Sylvia needed to exchange something at the Apple store, so we stopped by the Cambridgeside Galleria after brunch on Saturday. We came out on the second floor, immediately opposite a Borders. “You mentioned you had a gift card, or might have a gift card,” I said. “Is there anything you …”
Sylvia, who hadn’t set more than a toe into the store, watched me vanish inside. “I’ll text you when I’m done,” she said to my back.
Living in Boston over a decade now, I knew the Cambridgeside Borders pretty well. I’d shopped here for gifts, picked myself up after job interviews with impulse buys, and whiled away summer afternoons with a random novel and a comfy chair. It wasn’t an intimate acquaintance, but it felt familiar because it felt like every other Borders. The same faux wood paneling, the same all-weather carpeting and soft but pervasive lighting. The warm feelings you had for your childhood Borders – the one that opened in Towson when I was twelve, a shot of unstepped heroin for a boy who’d grown up on Waldenbooks – were meant to be transferred to every Borders in the world. Thus the merits of corporate design.
The Borders in Cambridgeside Galleria has, as of this writing, less than a week to live. Shelves once bursting with books are now sparse, stacked with multiple copies of orders too recent to cancel. The taxonomy of affluent years has been abandoned: Romances jostle for space with Biographies, Business texts and Firearm catalogs. I found copies of Glenn Beck’s The Overton Window everywhere I went: Thrillers, Political, Literature, New Fiction, Science Fiction. Nothing essential or classic; everything brand new or badly dinged.
Books aside, everything in the store but the carpet was for sale. You could pick up three bookshelves for $99. Wire racks, plastic sleeves, CRT monitors, break room chairs and the syrup dispensers from the once packed cafe were all on the market. Someone had taken everything from the manager’s offices, given each its own plastic bag, and slapped a $1.00 price tag on each: used post-it notes, pencil cases, curly black plastic phone cords.
Two employees checked out a line of scavengers a dozen deep, including yours truly. A four-year-old knocked a bouncing rubber ball around with a poster tube. When it rolled away from him, I nudged it back in his direction with my foot. He lunged for it, toppling a small stack of Vampire Diaries puzzles, board games and sticker collections in the process. No one seemed in a hurry to clean it up. If I had opened a two-liter bottle of Coke and emptied it on the muted blue-green carpet of what was once the DVD section, would anyone have stopped me? Would anyone have cleaned it up? Were there mops?
Of the two employees behind the counter, one was an older gentleman with thick glasses that weren’t helping him with the screen. The other was a skinny young man with a bright red beard. He was explaining to a woman that he couldn’t promise that this atlas would still be there on Thursday, he couldn’t promise the doors would be open on Thursday, when a man in a uniform polo shirt with a cordless drill approached. “We just sold this shelf,” he said. “Can I take it apart and move it?”

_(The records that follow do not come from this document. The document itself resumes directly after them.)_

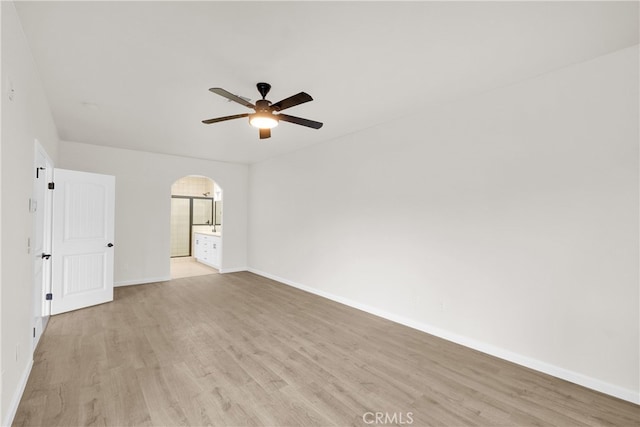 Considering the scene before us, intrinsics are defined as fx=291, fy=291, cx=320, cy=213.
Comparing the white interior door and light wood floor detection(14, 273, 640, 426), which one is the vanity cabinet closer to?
the white interior door

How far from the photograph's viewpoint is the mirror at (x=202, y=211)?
9.57m

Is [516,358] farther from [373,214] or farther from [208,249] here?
[208,249]

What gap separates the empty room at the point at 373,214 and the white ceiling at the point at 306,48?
0.02 metres

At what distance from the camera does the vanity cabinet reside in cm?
716

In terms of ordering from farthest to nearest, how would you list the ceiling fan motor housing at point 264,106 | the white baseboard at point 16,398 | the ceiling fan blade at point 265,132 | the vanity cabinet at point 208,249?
1. the vanity cabinet at point 208,249
2. the ceiling fan blade at point 265,132
3. the ceiling fan motor housing at point 264,106
4. the white baseboard at point 16,398

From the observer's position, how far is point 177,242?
9.18 metres

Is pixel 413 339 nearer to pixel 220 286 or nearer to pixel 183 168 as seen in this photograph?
pixel 220 286

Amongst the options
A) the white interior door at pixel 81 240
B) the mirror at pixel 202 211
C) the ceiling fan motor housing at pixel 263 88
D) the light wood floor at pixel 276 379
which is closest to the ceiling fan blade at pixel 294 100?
the ceiling fan motor housing at pixel 263 88

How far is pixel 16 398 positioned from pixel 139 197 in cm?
422

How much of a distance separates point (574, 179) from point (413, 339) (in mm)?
2226

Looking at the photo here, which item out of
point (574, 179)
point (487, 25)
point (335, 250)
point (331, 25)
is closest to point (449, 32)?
point (487, 25)

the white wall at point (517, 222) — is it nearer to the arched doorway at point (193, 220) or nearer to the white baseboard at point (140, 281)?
the white baseboard at point (140, 281)

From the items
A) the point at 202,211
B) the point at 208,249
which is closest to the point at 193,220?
the point at 202,211

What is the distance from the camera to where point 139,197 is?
5703 millimetres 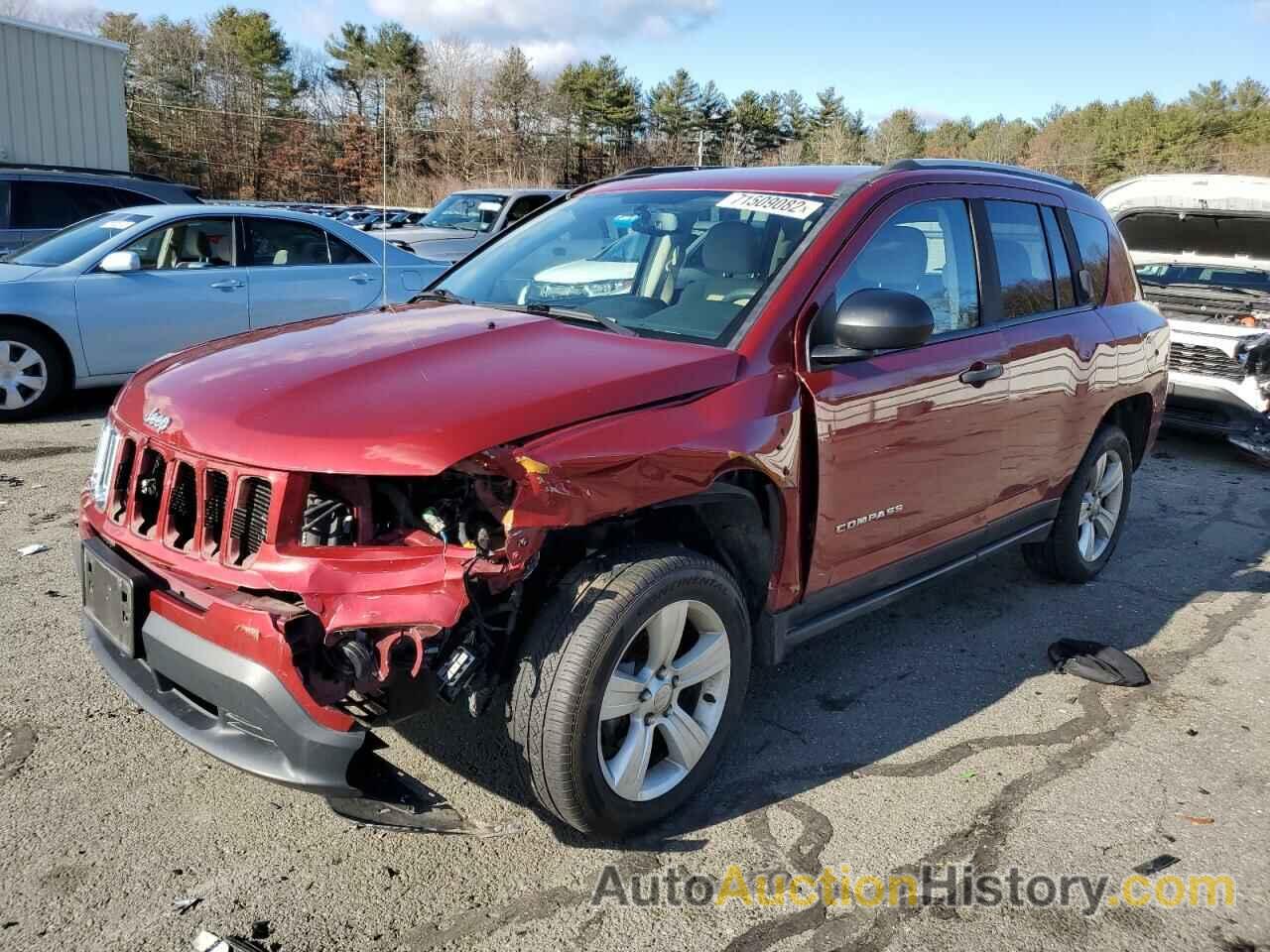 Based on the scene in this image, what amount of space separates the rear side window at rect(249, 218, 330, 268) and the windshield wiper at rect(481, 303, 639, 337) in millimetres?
5476

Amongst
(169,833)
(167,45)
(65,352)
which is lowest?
(169,833)

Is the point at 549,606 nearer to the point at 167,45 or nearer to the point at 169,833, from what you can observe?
the point at 169,833

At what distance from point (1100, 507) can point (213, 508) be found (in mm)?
4435

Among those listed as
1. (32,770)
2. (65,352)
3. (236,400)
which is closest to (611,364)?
(236,400)

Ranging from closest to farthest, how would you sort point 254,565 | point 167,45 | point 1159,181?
point 254,565
point 1159,181
point 167,45

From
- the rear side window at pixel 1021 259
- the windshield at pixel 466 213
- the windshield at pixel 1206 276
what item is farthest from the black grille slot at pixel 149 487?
the windshield at pixel 466 213

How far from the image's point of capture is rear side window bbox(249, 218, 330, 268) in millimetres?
8305

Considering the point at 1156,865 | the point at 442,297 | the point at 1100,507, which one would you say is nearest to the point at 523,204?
the point at 1100,507

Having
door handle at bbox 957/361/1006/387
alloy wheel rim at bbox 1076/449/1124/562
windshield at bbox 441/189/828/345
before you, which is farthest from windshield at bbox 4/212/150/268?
alloy wheel rim at bbox 1076/449/1124/562

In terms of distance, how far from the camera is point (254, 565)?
246 centimetres

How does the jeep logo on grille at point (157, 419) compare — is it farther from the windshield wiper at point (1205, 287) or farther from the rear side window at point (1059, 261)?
the windshield wiper at point (1205, 287)

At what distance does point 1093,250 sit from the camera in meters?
4.94

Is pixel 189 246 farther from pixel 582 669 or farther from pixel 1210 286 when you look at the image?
pixel 1210 286

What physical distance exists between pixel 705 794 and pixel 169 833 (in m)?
1.59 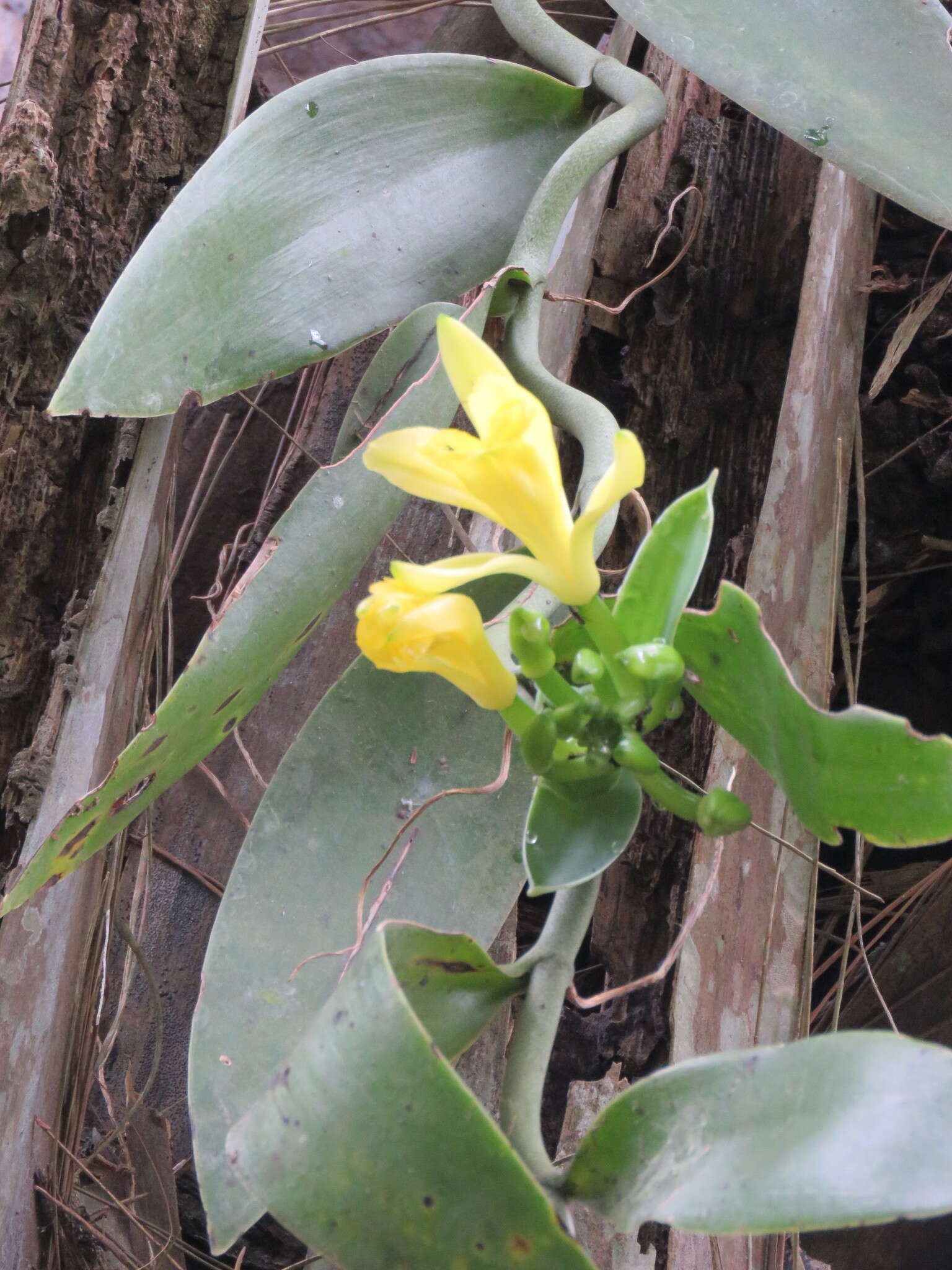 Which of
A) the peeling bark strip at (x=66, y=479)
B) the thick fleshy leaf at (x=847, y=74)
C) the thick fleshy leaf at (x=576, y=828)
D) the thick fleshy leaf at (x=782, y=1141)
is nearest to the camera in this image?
the thick fleshy leaf at (x=782, y=1141)

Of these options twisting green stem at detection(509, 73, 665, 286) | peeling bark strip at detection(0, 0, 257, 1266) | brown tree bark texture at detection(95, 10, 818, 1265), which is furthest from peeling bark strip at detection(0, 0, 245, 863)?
twisting green stem at detection(509, 73, 665, 286)

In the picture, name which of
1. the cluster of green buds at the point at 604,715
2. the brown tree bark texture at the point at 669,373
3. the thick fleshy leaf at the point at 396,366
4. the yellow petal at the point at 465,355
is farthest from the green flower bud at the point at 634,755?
the brown tree bark texture at the point at 669,373

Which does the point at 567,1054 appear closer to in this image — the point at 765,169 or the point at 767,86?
the point at 767,86

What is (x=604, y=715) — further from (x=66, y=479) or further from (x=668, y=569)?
(x=66, y=479)

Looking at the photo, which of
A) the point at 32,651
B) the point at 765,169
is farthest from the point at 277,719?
the point at 765,169

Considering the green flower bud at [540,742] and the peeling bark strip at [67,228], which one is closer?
the green flower bud at [540,742]

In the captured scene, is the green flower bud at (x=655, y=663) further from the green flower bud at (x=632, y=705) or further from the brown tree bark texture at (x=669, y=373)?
the brown tree bark texture at (x=669, y=373) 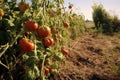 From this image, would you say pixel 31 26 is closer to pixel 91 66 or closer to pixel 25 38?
pixel 25 38

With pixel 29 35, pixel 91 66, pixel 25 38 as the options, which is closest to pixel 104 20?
pixel 91 66

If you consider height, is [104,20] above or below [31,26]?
below

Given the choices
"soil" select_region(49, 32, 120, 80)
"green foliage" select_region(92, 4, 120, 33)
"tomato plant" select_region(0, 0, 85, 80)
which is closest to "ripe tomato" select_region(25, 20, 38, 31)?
Answer: "tomato plant" select_region(0, 0, 85, 80)

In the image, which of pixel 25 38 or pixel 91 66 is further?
pixel 91 66

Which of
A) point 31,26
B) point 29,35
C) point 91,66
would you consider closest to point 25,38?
point 31,26

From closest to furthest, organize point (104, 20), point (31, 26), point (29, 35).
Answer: point (31, 26) < point (29, 35) < point (104, 20)

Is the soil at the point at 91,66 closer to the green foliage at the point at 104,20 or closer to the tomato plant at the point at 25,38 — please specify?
the tomato plant at the point at 25,38

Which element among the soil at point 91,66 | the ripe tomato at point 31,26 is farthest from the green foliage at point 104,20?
the ripe tomato at point 31,26

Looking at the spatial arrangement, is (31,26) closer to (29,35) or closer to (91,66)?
(29,35)

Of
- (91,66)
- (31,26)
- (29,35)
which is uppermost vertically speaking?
(31,26)

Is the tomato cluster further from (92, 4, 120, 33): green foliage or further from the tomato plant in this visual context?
(92, 4, 120, 33): green foliage

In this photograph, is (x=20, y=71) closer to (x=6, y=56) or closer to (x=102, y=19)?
(x=6, y=56)

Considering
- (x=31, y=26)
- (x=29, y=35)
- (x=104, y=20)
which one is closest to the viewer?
(x=31, y=26)

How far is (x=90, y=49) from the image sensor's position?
6.93 metres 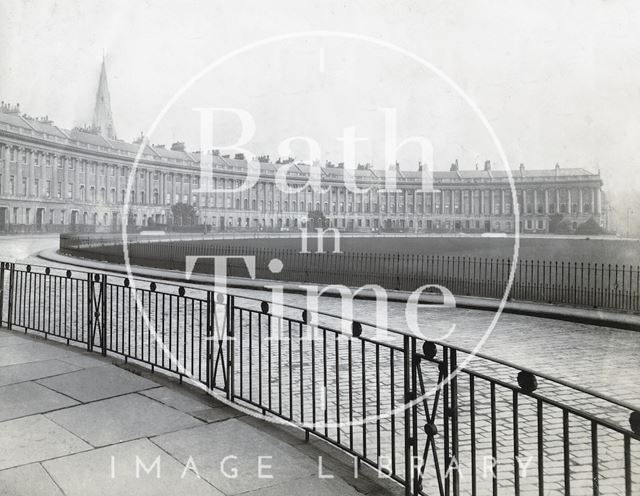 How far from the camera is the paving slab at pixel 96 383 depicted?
18.0ft

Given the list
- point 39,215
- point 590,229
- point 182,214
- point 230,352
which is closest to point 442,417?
point 230,352

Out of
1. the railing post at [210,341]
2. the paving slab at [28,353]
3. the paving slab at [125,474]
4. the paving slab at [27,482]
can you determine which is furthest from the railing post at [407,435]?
the paving slab at [28,353]

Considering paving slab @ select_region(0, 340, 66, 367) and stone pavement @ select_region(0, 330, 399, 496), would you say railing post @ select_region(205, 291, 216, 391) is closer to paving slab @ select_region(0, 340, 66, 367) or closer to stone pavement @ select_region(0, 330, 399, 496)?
stone pavement @ select_region(0, 330, 399, 496)

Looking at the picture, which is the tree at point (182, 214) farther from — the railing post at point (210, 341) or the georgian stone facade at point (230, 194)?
the railing post at point (210, 341)

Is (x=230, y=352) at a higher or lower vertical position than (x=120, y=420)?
higher

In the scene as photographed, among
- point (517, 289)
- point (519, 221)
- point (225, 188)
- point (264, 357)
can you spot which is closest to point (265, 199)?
point (225, 188)

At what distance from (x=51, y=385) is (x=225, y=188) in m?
98.8

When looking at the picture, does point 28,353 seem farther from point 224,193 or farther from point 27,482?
point 224,193

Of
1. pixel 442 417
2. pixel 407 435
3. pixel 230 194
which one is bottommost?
pixel 442 417

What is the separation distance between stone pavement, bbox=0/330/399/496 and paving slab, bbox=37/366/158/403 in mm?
10

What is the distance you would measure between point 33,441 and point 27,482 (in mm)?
758

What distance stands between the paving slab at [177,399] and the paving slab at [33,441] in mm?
983

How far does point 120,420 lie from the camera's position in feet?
15.4

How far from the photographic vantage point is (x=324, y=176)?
115438 mm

The young man looked at the shelf behind the counter. A year ago it had been bursting with Harry Potter books and the newest loss leader merchandise. The contents and disposition of that shelf would have been dictated by the head office in Ann Arbor and passed down to local management as three-ring binders and stern emails (“FRONT SHELVES – REMINDER,” exclamation point, urgent). Now it held two copies of Rosetta Stone software (German and English), marked down 75%. “Umm,” the young man said. He thought for a moment, perhaps of a manager who no longer worked here, or the policy of an ancient store that had nothing in common with this wasteland but a name. The young man looked at the older man, then back at the contractor. Then he moved the two software boxes off the shelves. “Yeah, sure, go ahead.”